Okay… that’s the right use. I’m just going to read all I’ve written so far for good measure.
Speaking of which, how much have I written?
Still 400 words under my goal. Really? That’s all? This is taking forever.
I reposition myself, with my back straight against the bench and feet planted firmly on the ground. I roll my shoulders in an attempt to relieve the stress that is starting to build. Why do I like to write, again? What in the world made me think that this was fun?
Maybe I should reread everything again--no! You are not sucking yourself back into that trap again! Write! Write like a pack of cyborg wolves are nipping at your heels!
...I actually like that idea. Mental note: integrate mechanical canines into my next story. If I ever make it through this one, of course.
Tap tap tip tap tippity tappity tip tap tip…
Ugh, I hate this song. Skip!
Tip tap tip…
This song is actually quite good. A four minute break to sing along off key wouldn’t be so bad, would it? I mean, the house is empty. I might as well take advantage of this rare opportunity.
Three minutes, 28 seconds later and I am feeling mightily refreshed. I can definitely finish this!
Don’t do it. Don’t you dare look at your phone. Stop! Why are you reaching for it when I specifically told you--
--ooh, new friend request! I haven’t seen her for years! It wouldn’t hurt to go ahead and accept it, seeing that it shouldn’t take more than three seconds.
...Two hours. I don’t even know how that happened. I’ll just go ahead and close that tab and pretend that was two hours spent not watching cat videos or taking quizzes on what color unicorn I am.
Deep breath. Refocus. Write.
Tap tap tap tippity tap tip tap.
I think I’m done. Let me just check my word count one last time… and now I’m 500 words above my quota. How did that happen? Oh well, over prepared is better than underprepared I guess.
Reading through it again, I can’t help but shudder in terror. Instead of freeing the attractive, smooth-talking angel, I’ve unleashed the thug so covered in scars and tattoos that no one would touch it with a ten foot pole. My finger hovers over the delete button.
Click… click… click…
No, I’ve spent over two hours bringing this to life, and even though it is as hideous as a naked mole rat crossbred with a blobfish, it is still mine.

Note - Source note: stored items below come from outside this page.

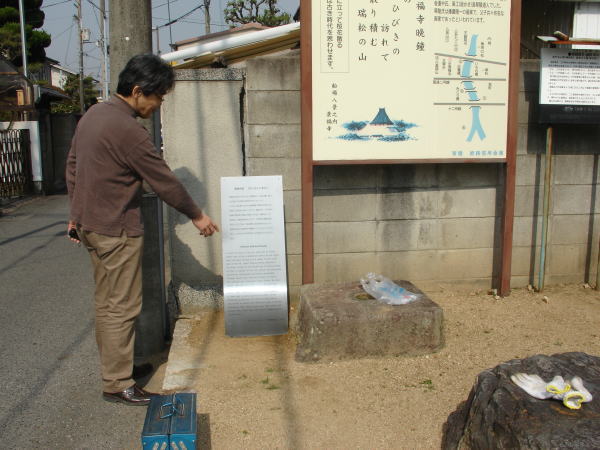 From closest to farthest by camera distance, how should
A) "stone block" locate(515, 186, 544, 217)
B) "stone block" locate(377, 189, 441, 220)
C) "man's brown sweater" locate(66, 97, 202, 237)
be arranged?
"man's brown sweater" locate(66, 97, 202, 237) → "stone block" locate(377, 189, 441, 220) → "stone block" locate(515, 186, 544, 217)

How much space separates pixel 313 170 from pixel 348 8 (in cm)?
134

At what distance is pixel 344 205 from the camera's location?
5.16m

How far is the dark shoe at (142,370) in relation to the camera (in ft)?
13.4

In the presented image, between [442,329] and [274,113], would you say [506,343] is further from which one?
[274,113]

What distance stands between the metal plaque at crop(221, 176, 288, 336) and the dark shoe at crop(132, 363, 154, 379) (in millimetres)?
705

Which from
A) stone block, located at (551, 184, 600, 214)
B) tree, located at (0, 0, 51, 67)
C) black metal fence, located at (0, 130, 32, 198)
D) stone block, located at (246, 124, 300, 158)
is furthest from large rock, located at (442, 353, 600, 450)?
tree, located at (0, 0, 51, 67)

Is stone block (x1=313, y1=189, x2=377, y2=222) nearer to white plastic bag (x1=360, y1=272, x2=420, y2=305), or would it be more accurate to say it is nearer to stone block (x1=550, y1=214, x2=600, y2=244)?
white plastic bag (x1=360, y1=272, x2=420, y2=305)

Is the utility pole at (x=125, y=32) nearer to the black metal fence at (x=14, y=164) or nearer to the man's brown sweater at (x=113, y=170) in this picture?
the man's brown sweater at (x=113, y=170)

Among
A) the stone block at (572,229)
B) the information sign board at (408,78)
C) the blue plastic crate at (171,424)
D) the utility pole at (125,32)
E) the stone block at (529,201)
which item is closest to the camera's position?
the blue plastic crate at (171,424)

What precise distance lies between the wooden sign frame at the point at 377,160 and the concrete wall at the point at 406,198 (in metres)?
0.18

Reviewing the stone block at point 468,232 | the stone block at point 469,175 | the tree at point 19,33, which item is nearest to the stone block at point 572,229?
the stone block at point 468,232

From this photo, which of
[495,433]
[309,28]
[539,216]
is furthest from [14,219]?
[495,433]

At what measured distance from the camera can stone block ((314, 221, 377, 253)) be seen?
5.17 meters

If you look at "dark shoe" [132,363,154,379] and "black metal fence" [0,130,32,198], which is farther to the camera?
"black metal fence" [0,130,32,198] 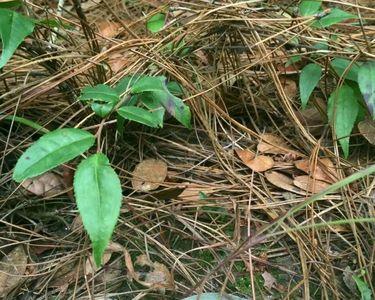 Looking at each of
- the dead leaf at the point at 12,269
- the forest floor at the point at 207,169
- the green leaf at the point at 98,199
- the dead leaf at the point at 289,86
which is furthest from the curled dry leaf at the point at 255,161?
the dead leaf at the point at 12,269

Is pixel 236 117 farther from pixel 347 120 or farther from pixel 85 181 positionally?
pixel 85 181

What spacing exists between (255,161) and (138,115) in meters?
0.38

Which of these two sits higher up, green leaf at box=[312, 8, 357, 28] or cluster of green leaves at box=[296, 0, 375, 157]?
green leaf at box=[312, 8, 357, 28]

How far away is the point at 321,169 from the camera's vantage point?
1404 millimetres

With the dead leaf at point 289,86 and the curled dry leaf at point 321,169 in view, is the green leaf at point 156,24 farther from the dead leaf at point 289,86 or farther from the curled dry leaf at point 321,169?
the curled dry leaf at point 321,169

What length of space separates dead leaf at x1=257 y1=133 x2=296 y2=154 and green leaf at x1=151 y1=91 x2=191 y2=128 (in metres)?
0.23

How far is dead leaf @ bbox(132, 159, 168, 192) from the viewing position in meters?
1.36

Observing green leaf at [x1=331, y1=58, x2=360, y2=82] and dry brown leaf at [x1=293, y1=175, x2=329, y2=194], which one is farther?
green leaf at [x1=331, y1=58, x2=360, y2=82]

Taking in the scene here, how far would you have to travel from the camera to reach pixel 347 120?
1.41 m

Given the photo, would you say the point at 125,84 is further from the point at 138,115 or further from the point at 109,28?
the point at 109,28

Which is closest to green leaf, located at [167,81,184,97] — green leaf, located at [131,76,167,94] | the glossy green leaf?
green leaf, located at [131,76,167,94]

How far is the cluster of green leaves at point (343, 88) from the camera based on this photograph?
1394 mm

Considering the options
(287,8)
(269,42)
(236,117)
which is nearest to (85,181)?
(236,117)

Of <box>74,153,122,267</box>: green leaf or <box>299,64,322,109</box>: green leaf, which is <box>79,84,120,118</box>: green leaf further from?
<box>299,64,322,109</box>: green leaf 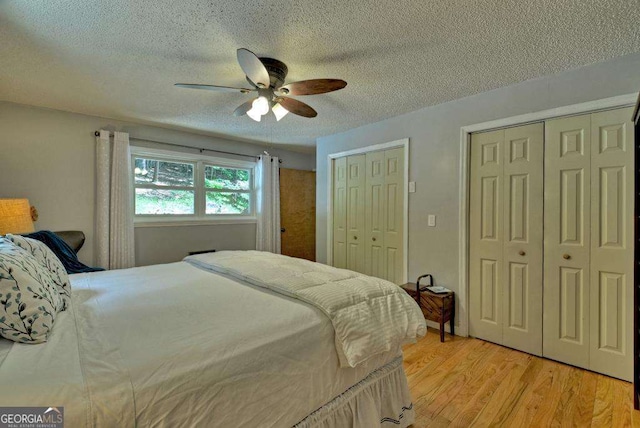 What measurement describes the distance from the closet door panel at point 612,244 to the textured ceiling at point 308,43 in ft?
1.86

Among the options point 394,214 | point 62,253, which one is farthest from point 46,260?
point 394,214

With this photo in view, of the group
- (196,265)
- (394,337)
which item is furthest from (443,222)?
(196,265)

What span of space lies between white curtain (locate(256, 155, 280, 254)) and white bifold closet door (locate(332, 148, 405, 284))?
110cm

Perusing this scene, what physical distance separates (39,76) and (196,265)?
6.38 feet

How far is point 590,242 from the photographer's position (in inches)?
82.7

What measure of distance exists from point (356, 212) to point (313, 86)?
2.11m

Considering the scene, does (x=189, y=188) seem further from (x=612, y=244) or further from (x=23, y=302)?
(x=612, y=244)

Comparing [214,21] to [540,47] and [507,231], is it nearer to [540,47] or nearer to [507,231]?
[540,47]

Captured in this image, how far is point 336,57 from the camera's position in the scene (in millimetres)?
2000

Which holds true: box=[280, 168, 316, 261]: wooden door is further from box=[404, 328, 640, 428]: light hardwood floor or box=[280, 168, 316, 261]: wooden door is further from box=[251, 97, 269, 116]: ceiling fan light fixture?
box=[404, 328, 640, 428]: light hardwood floor

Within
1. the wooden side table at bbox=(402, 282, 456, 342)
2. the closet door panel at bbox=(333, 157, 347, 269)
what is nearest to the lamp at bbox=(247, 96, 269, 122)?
the closet door panel at bbox=(333, 157, 347, 269)

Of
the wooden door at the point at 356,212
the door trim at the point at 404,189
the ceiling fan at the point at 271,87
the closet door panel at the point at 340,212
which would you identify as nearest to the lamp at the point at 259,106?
the ceiling fan at the point at 271,87

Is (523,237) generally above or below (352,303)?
above

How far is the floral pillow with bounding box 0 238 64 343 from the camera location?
0.94m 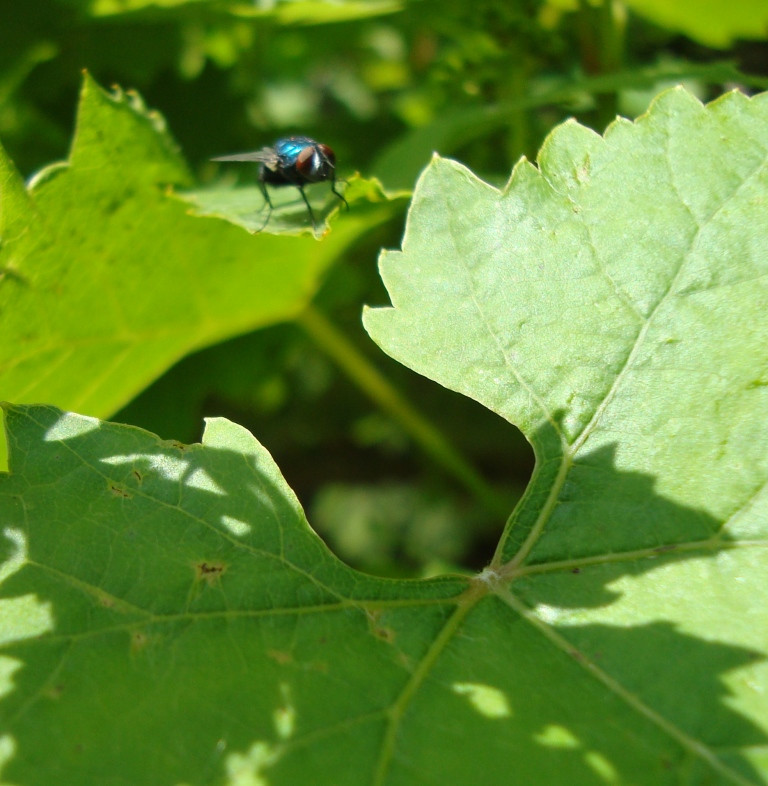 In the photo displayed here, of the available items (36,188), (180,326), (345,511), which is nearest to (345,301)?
(180,326)

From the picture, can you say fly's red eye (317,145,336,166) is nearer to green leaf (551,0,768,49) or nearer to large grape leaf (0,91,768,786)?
large grape leaf (0,91,768,786)

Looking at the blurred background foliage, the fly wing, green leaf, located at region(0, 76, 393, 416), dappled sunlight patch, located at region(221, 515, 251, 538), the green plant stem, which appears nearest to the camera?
dappled sunlight patch, located at region(221, 515, 251, 538)

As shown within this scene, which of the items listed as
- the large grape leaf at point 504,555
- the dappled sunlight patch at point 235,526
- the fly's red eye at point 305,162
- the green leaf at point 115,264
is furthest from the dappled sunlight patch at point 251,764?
the fly's red eye at point 305,162

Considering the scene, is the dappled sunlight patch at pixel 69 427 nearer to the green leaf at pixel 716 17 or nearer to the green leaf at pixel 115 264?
the green leaf at pixel 115 264

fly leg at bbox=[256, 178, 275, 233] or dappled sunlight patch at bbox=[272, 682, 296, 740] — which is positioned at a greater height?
fly leg at bbox=[256, 178, 275, 233]

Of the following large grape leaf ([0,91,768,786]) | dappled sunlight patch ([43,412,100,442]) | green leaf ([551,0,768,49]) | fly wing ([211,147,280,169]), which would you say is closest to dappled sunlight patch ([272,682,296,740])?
Answer: large grape leaf ([0,91,768,786])

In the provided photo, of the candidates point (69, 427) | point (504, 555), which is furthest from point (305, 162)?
point (504, 555)

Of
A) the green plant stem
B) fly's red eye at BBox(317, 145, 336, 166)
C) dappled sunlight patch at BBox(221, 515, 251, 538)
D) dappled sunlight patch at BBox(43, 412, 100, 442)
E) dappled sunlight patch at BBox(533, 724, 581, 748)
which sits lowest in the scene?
the green plant stem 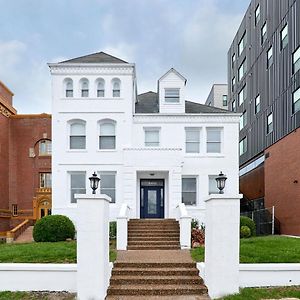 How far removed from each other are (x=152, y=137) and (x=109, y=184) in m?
3.67

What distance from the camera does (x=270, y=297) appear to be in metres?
9.02

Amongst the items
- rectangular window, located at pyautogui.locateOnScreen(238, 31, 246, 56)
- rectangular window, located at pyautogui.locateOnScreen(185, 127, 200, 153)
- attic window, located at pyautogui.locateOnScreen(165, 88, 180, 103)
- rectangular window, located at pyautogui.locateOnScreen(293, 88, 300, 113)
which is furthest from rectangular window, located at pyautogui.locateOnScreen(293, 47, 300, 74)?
rectangular window, located at pyautogui.locateOnScreen(238, 31, 246, 56)

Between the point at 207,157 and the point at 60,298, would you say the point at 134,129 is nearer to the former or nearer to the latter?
the point at 207,157

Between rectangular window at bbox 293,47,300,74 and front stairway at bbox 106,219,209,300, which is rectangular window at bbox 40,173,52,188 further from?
rectangular window at bbox 293,47,300,74

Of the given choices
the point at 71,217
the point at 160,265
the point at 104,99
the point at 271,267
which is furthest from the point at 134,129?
the point at 271,267

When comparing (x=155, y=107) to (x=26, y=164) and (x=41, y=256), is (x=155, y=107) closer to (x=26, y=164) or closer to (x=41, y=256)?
(x=26, y=164)

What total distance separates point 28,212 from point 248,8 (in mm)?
25435

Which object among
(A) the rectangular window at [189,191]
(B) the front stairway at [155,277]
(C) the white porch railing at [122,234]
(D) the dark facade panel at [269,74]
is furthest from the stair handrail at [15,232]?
(D) the dark facade panel at [269,74]

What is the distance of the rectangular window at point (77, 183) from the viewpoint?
21.7 meters

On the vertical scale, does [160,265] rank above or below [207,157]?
below

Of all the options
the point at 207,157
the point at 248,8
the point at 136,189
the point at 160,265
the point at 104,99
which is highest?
the point at 248,8

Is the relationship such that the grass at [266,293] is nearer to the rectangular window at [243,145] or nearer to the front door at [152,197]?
the front door at [152,197]

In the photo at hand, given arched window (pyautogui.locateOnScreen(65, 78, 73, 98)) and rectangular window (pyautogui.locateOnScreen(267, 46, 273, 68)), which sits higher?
rectangular window (pyautogui.locateOnScreen(267, 46, 273, 68))

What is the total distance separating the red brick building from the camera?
3073cm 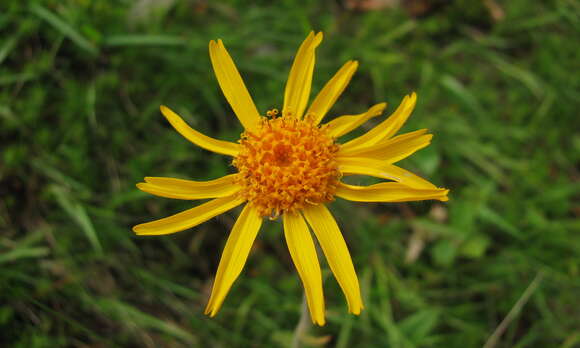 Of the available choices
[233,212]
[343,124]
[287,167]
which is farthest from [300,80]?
[233,212]

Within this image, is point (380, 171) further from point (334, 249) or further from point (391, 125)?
point (334, 249)

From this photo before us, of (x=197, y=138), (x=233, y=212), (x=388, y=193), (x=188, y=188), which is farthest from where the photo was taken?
(x=233, y=212)

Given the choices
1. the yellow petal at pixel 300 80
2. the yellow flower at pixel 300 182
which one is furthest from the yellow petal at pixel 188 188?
the yellow petal at pixel 300 80

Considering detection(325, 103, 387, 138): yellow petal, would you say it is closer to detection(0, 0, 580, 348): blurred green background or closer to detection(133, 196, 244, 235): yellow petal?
detection(133, 196, 244, 235): yellow petal

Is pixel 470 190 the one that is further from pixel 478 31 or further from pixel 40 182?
pixel 40 182

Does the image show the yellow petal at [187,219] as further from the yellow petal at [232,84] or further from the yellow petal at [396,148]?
the yellow petal at [396,148]

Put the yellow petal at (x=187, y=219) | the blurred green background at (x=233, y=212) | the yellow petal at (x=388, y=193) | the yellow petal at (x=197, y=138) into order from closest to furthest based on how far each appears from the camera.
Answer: the yellow petal at (x=388, y=193)
the yellow petal at (x=187, y=219)
the yellow petal at (x=197, y=138)
the blurred green background at (x=233, y=212) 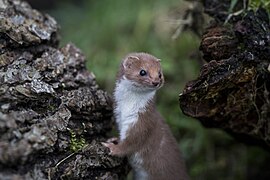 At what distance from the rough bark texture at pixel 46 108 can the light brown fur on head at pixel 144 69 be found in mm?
266

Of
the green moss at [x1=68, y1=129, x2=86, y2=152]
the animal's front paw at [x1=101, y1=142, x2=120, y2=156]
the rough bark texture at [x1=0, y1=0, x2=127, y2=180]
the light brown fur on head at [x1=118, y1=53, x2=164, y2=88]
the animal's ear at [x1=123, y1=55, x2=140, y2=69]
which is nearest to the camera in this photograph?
Answer: the rough bark texture at [x1=0, y1=0, x2=127, y2=180]

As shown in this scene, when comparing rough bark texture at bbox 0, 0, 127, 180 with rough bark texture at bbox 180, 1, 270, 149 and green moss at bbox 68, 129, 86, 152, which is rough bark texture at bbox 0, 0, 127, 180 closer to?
green moss at bbox 68, 129, 86, 152

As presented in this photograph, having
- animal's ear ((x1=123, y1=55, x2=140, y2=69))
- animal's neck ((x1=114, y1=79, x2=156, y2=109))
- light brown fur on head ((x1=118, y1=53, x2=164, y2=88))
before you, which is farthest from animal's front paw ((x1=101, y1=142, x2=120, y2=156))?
animal's ear ((x1=123, y1=55, x2=140, y2=69))

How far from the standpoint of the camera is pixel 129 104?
3650 millimetres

Maybe I should give it another chance. I’ll take a look at the monstrosity I’ve created tomorrow. Or next week. Or never.
It’s amazing what a good night's rest can do to refresh your mind. A month’s rest is even better, and looking at it with fresh eyes makes me realize that it isn’t near as bad as I imagined.
Now all that’s left to do is to hit that submit button and feel all my self doubt flow back inward. Then I can take a month to recuperate, and start choosing the candidate for my next jailbreak.
My brain is already starting to pound from all the ideas.